You'll see that I've since added some Oct. 1 entries, collecting some common threads, just to fill out the month, but I really did start on the second.

1576 Alvin and the Chipmunks

It's nice to know that classy stuff pays off, isn't it? Ross (Jr.) and Janice Bagdasarian are selling their Meditaerrian style mansion in Montecito, CA, for $24.9 million. It has 13,000 sq. ft., a 2,000 sq. ft. master suite, and sits on 4 acres. They create children's programming based on the ground breaking work of his father. His father Ross, created Alvin and the Chipmunks in 1958. Now there's a tune, Badaunt, you really don't want to hear over and over and over at Christmas (See comments at 1575). He also wrote those timeless classics, Come on a my house and Witch Doctor.

So it's a bit pricey. But these two really do sound like bargains.
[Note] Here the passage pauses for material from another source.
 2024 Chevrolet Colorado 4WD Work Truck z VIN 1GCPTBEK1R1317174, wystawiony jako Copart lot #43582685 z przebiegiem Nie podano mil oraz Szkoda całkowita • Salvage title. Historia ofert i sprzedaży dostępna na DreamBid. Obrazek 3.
Near Tehachapi, CA in the Southern Sierras, you can buy 20 acres for only $159,900. Ad was in both WSJ and LA Times. "Clean, crisp mountain air with calendar cover views. Majestic oaks, streams, ideal for horses, Country getaway." Because its FSBO, I couldn't find a photo, but other houses in the area look nice and don't look even as expensive as homes in this area. Call the owner, 1-888-914-5253. This one sounds like it might have a view. Noticed in WSJ. 140 acres in New Mexico for $90,000. Call 1-877-670-7964.